In 2018, $41 billion went towards the sale of cash-out VA mortgage refinancing loans.
That’s a big enough chunk to led the government to question whether or not these loans may end up leaving thousands of veterans vulnerable to financial destitution, should the economy slowdown, as some expect.
In fact, the uptick in veteran refinancing has become so substantial and worrisome that federal regulators are looking to restrict the credit product even further, according to an article co-written by Prashant Gopal and Elizabeth Dexheimer for Bloomberg.
This boom is alarming federal regulators. Lenders, who can charge thousands of dollars in fees, are encouraging veterans to extract as much as 100% of their home equity. Many of the borrowers have poor credit and low incomes, and they could soon find themselves deep underwater.

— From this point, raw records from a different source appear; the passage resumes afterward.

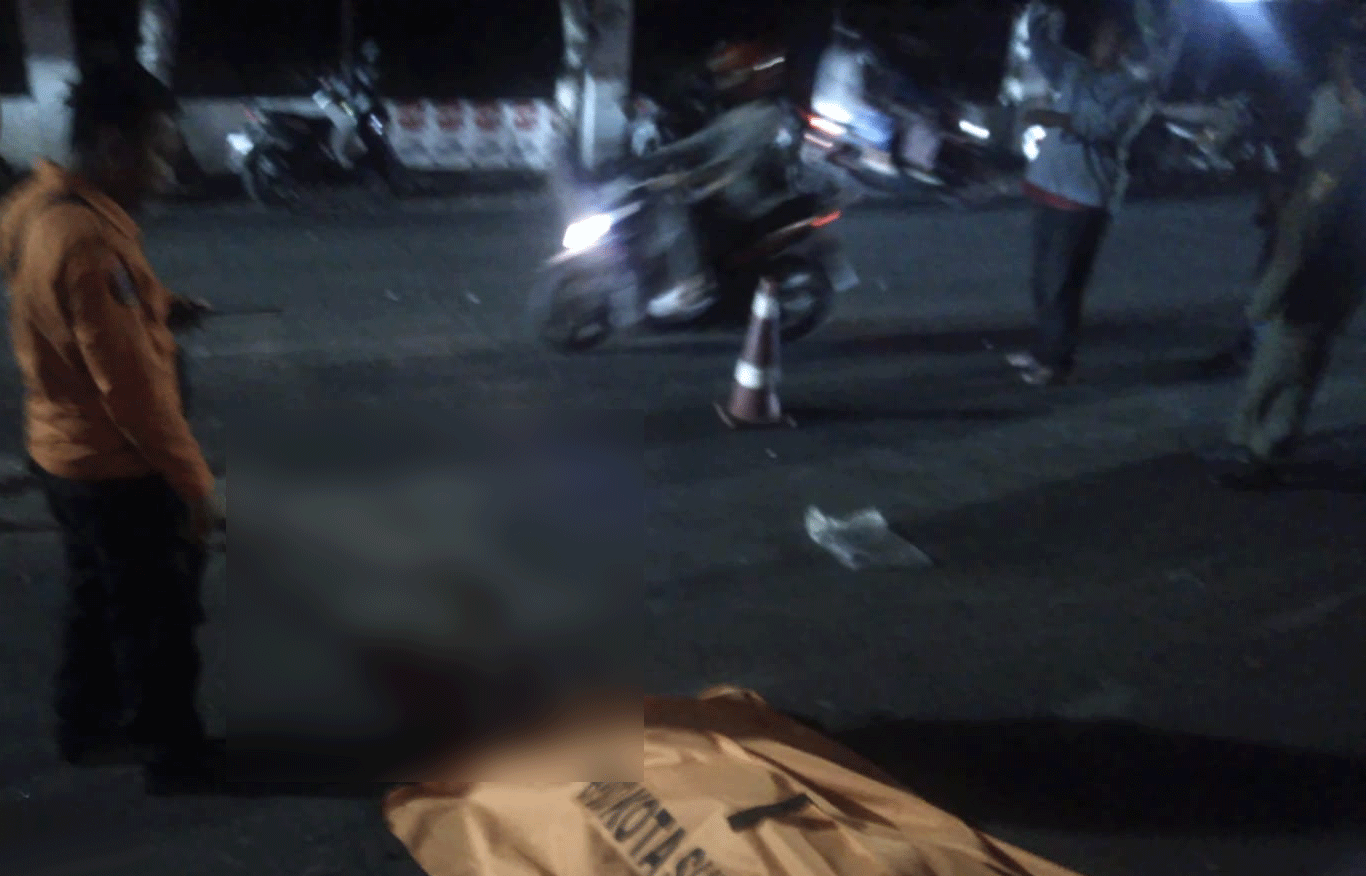 Petugas mengevakuasi korban kecelakaan lalu lintas di Puri Galaxy, Jalan Puri Sukolilo Barat II, Keputih, Surabaya, Jawa Timur pada Sabtu (25/11/2023). Foto: Command Center Surabaya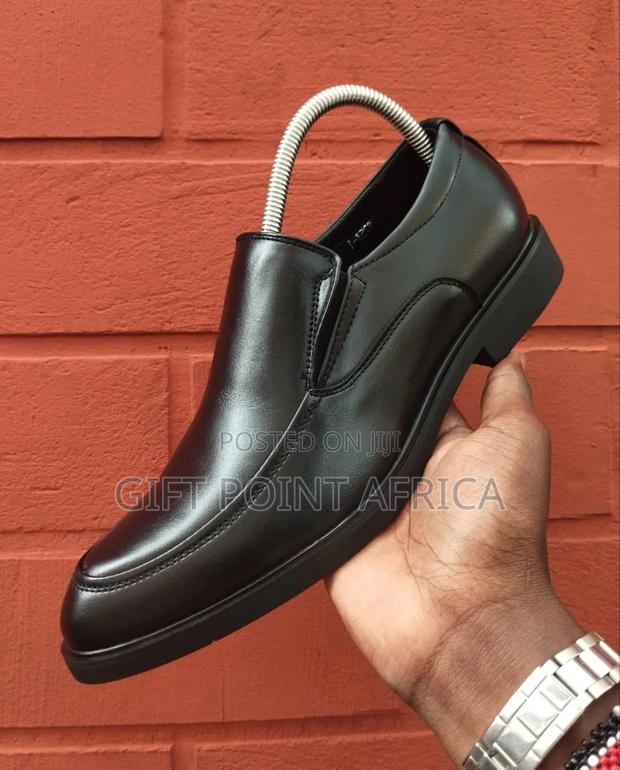 Official Shoes for Men Black in Color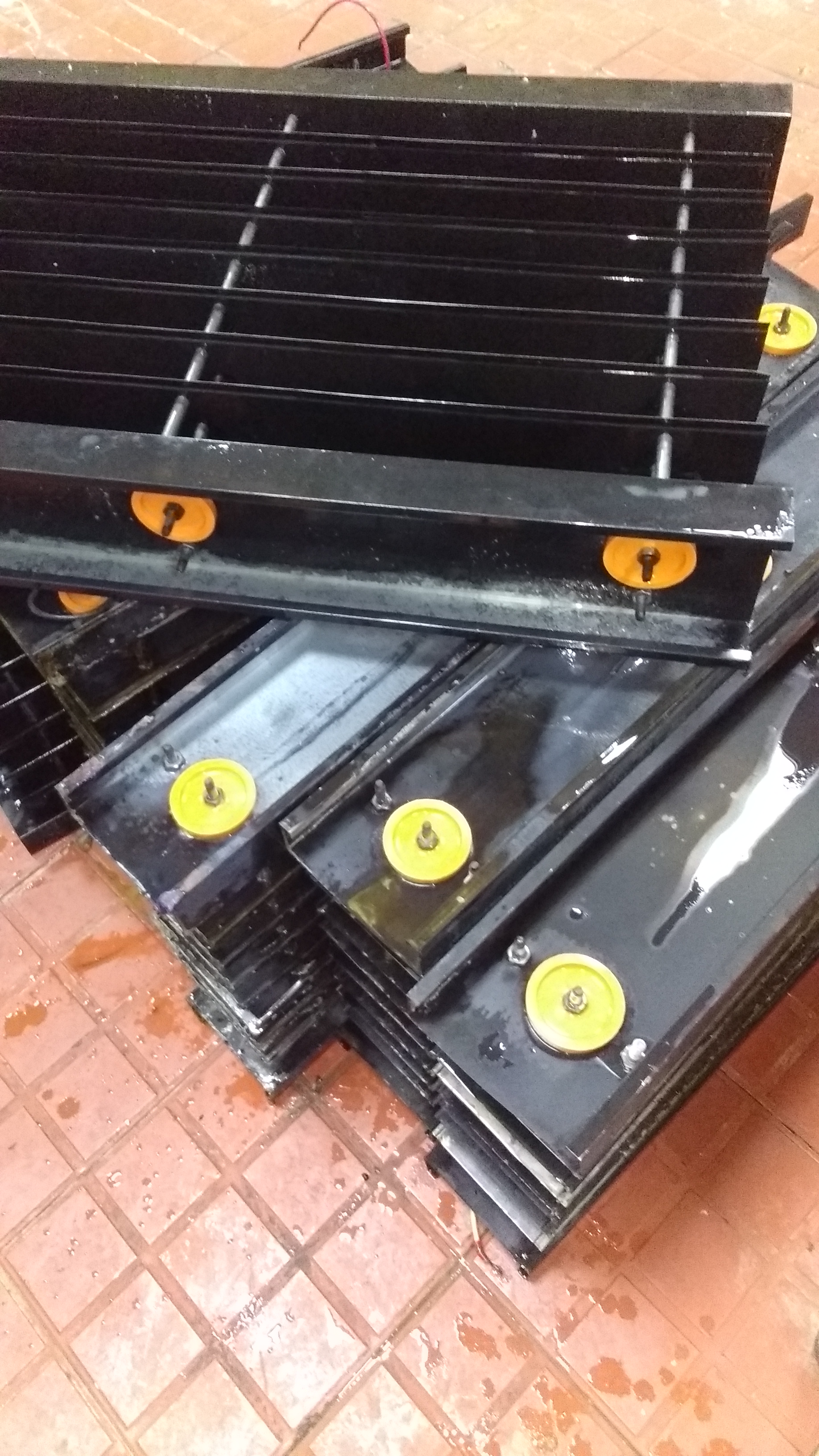 飯店油煙機(jī)清洗、清洗油煙凈化器、清洗油煙罩灶臺(tái)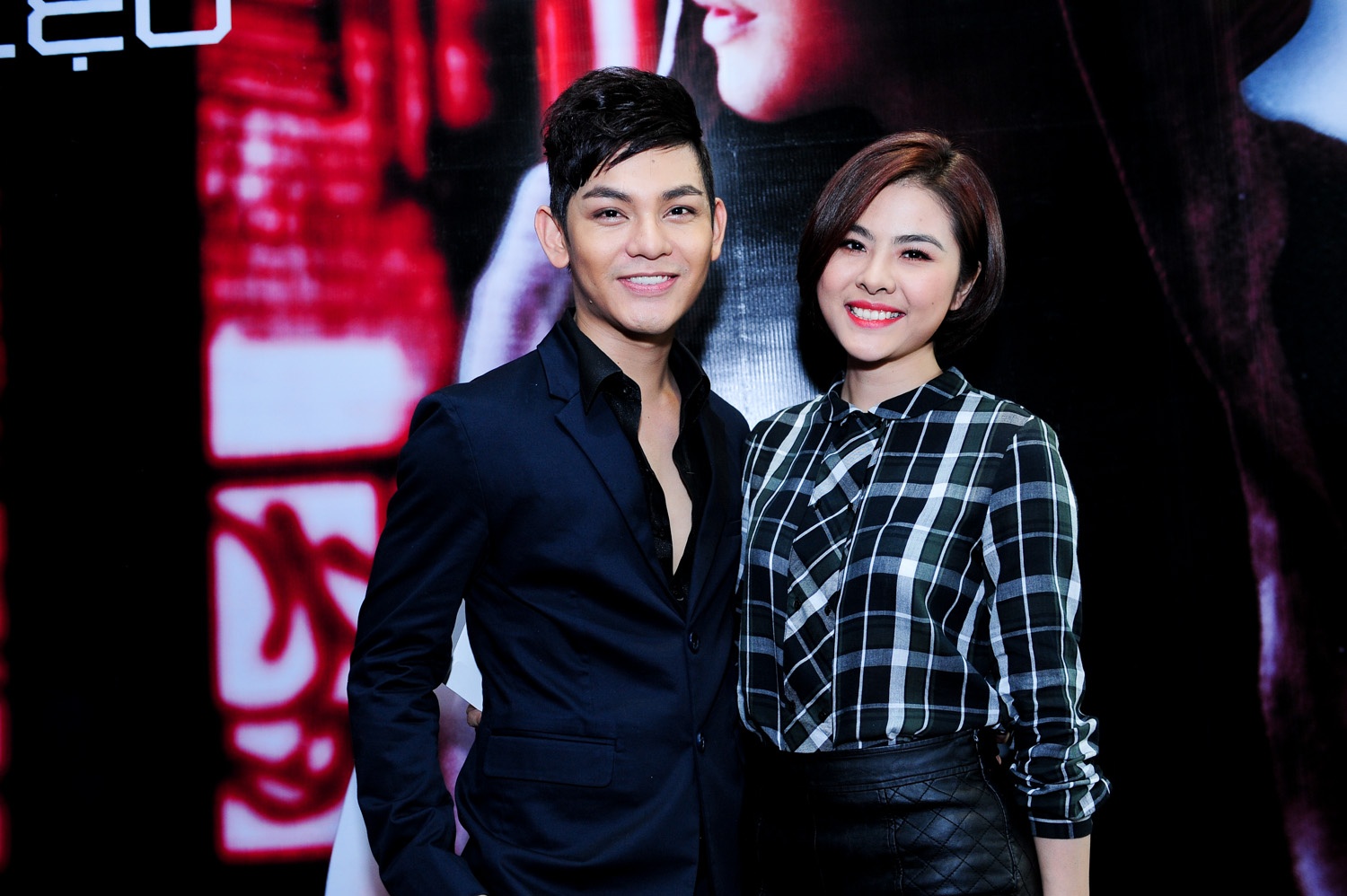 Dan sao Viet tung bung den chuc mung Son Ngoc Minh hinh anh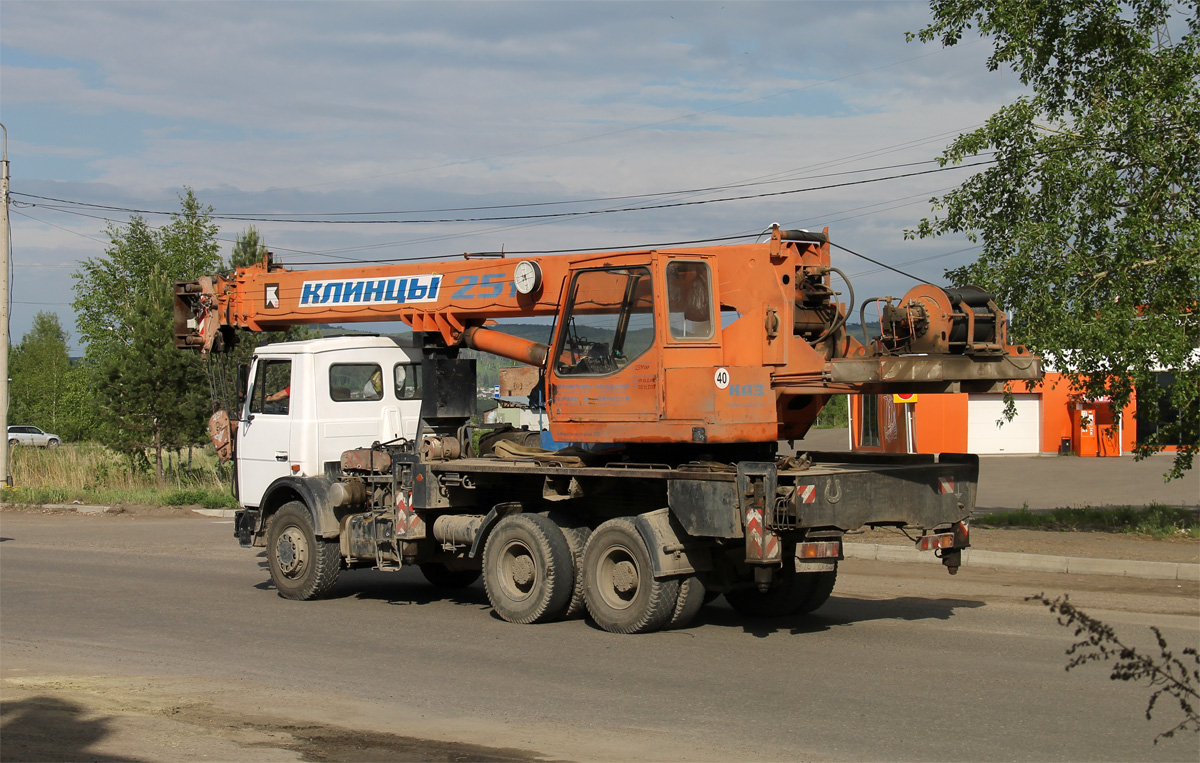 Красноярский край, № У 767 ХХ 24 — МАЗ-6303A3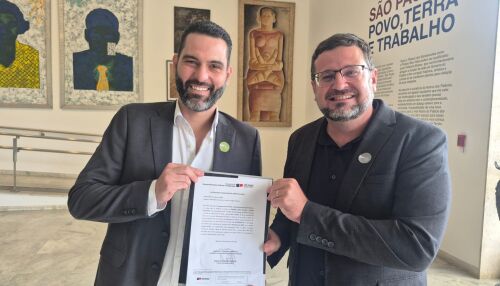 Prefeito Ronaldo Venturi assina Autorizo Governamental de R$ 500 mil com o Governo do Estado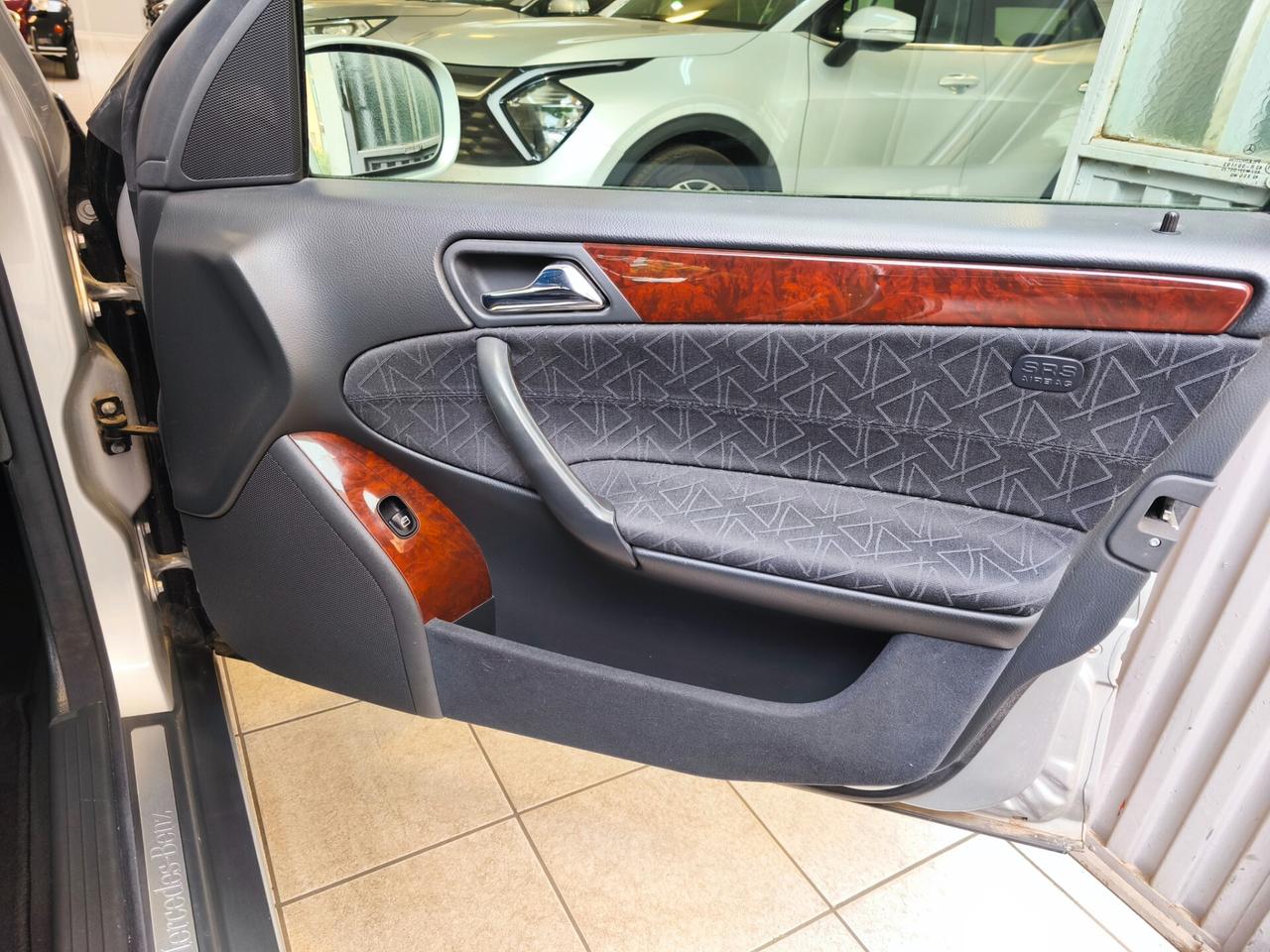 Mercedes-benz C 180 Unicoproprietario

Multiple refinancings helped spark the 2008 financial collapse. In a recent Federal Register notice, the VA itself says financial companies are reviving “subprime lending under a new name.”
VA loans, which are backed by Ginnie Mae, provide veterans with a mortgage. However, refinancing these loans can be expensive, as borrowers run the risk of extending their term of debt for decades, according to the article.
In perhaps a sign of growing concern, Ginnie and Congress attempted to halt unnecessary refinancing by restricting the pools of mortgages for bonds it guarantees.
That being said, the article points out that lenders have still managed to leverage loopholes for cash-out refinances.
Even after the crackdown, the proportion of borrowers who took cash out of their mortgage and then refinanced again in six to eight months rose over the past year, to 7% from 6%, according to data compiled by Ginnie Mae.
The article states that government regulators fear continual and frequent refinancing could ultimately lead to higher interest rates for not only veterans but all consumers.
This realization has lead Ginnie to consider further restrictions for the pool of mortgages it backs, and the VA to propose an “actual benefit” standard for cash-out refinancing loans.